He was a courageous and wonderfully outspoken man. A contemporary Roman Catholic prophet. I met him once, briefly; but he was my hero for many years, especially when, accused of heresy, I tangled with church authorities. He reminded me and encouraged me with the conviction that a Catholic theologian can, and must be, a contemporary thinking believer.
Cardinal Martini gave his last interview to a fellow Jesuit, Fr. Georg Sporschill, at the beginning of August when he knew his death was near.
Martini criticized the way the church far too often addresses contemporary believers with negatives and prohibitions rather than words of encouragement.
Contemporary Catholics lack confidence in the church, he said in the recent interview, because: “Our culture has grown old. Our churches are big and empty. The church bureaucracy rises up, and our religious rites, and the vestments we wear, are pompous.”
Speaking about divorced Catholics, Martini stressed that the church must adopt “a more generous attitude towards divorced persons.” The question, he said, was not whether divorced couples can receive communion, but how the church can help complex family situations.
“The child sex scandals oblige us to undertake a journey of transformation,” Cardinal Martini said. And he stressed “a radical transformation, beginning with the Pope and his bishops.”
A courageous and pastoral bishop indeed. Cardinal Martini was not afraid to speak his mind on issues considered taboo at the Vatican, like priestly celibacy, expanding the role of women in the church, homosexuality, or advocating the use of condoms to combat Aids. In 2008 he criticized the official church’s prohibition of birth control.

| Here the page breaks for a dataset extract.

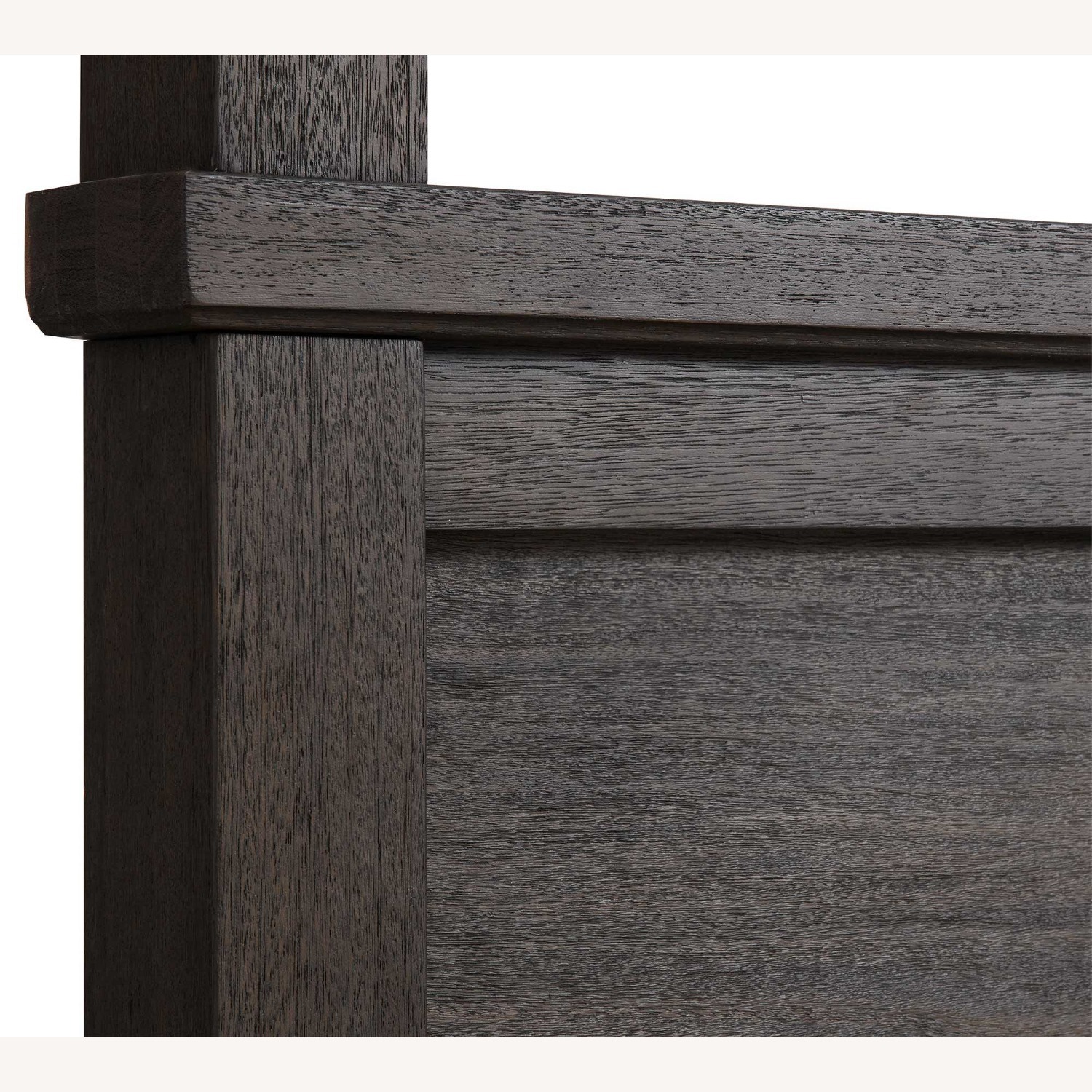 Pottery Barn Cali King Solid Wood Bed - Canopy Bed - image-6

Cardinal Martini was well-known and well-liked by Italians. Many got to know him by his frequent contributions to the leading daily newspaper Corriere della Sera, in which for three years he wrote a popular column ‘‘Letters to Cardinal Martini,’’ in which he responded to questions submitted by readers.
His funeral will be on Monday in Milan’s cathedral.
“Where is the Life we have lost in living? Where is the wisdom we have lost in knowledge? Where is the knowledge we have lost in information?”